TASK ITEM | Repetition must be exact and must stop with the line bearing "AN ANTIQUE MULTIGEM". It begins at the first line of the records and includes no pictures.
Segment Start: SOURCE MATERIAL
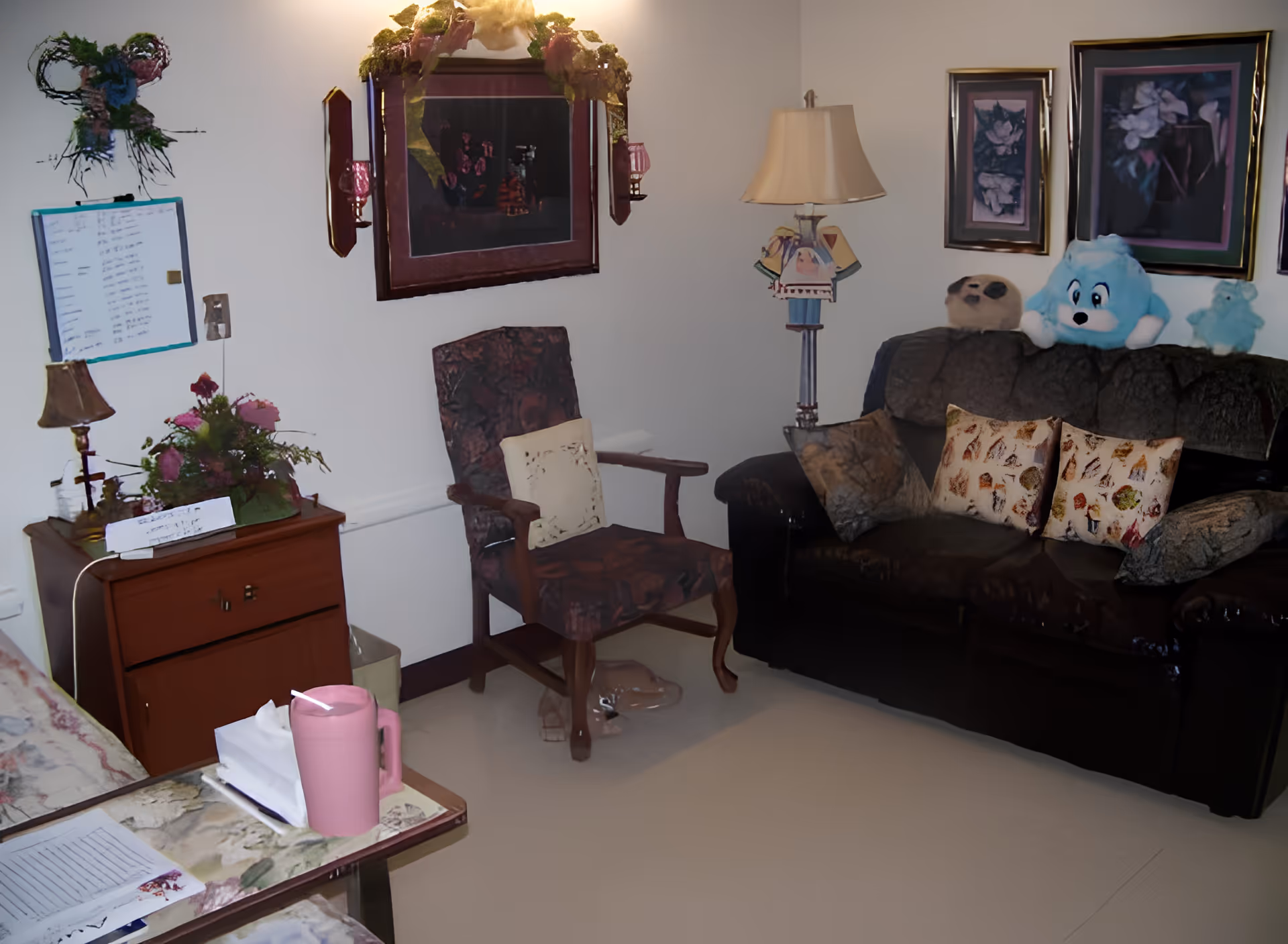 Cozy sitting area with a sofa, upholstered armchair, side table, lamp, framed wall art and small decorative items.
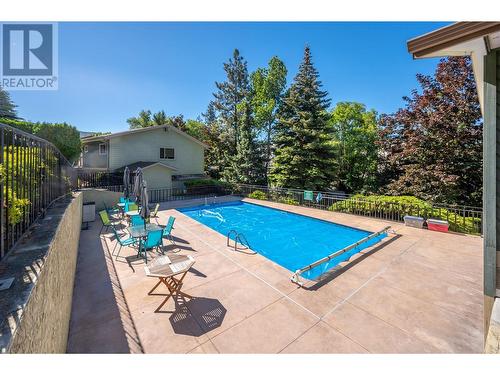 799 Creekside Road Unit# 4, Penticton, BC - Outdoor With In Ground Pool With Backyard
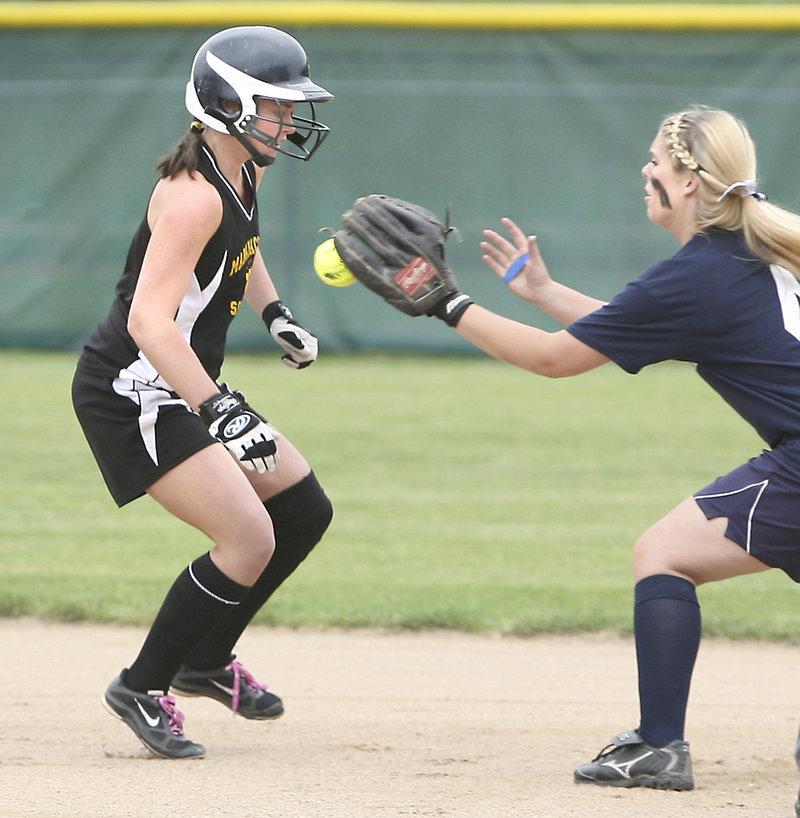 Heidi Shaw of Maranacook is tagged out at second base by Ariel McConkey of Fryeburg Academy after getting caught in a rundown Wednesday, Fryeburg won, 4-3.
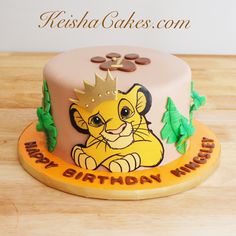 a birthday cake with a lion on it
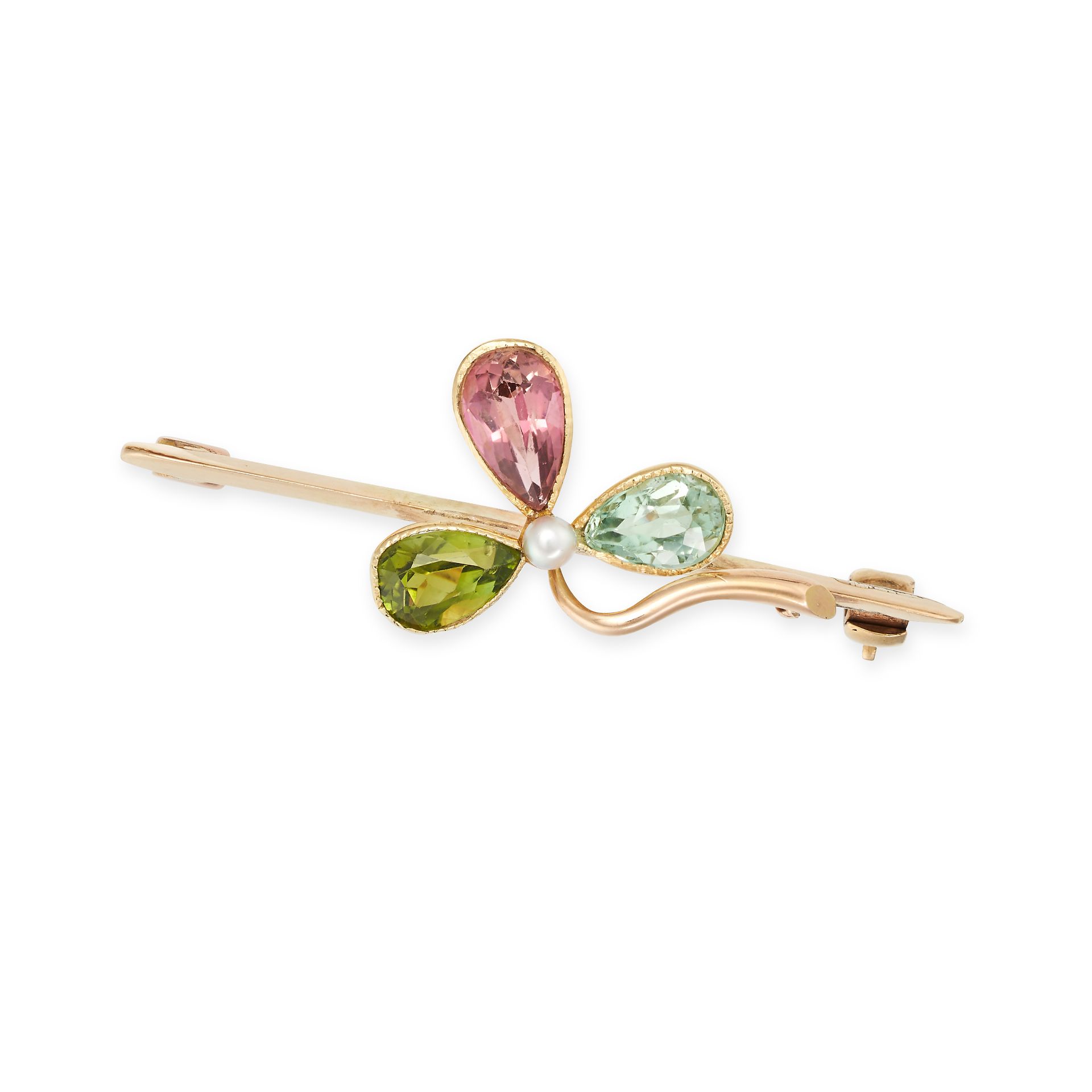 AN ANTIQUE MULTIGEM CLOVER BROOCH in 15ct yellow gold, designed as a three leaf clover set with a...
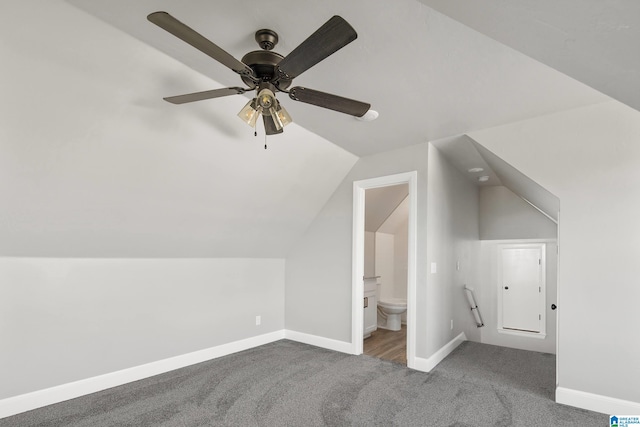 additional living space featuring carpet flooring, lofted ceiling, and ceiling fan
Segment End: SOURCE MATERIAL
ANSWER TO THIS PROBLEM |
 Cozy sitting area with a sofa, upholstered armchair, side table, lamp, framed wall art and small decorative items.
 799 Creekside Road Unit# 4, Penticton, BC - Outdoor With In Ground Pool With Backyard
 Heidi Shaw of Maranacook is tagged out at second base by Ariel McConkey of Fryeburg Academy after getting caught in a rundown Wednesday, Fryeburg won, 4-3.
 a birthday cake with a lion on it
 AN ANTIQUE MULTIGEM CLOVER BROOCH in 15ct yellow gold, designed as a three leaf clover set with a...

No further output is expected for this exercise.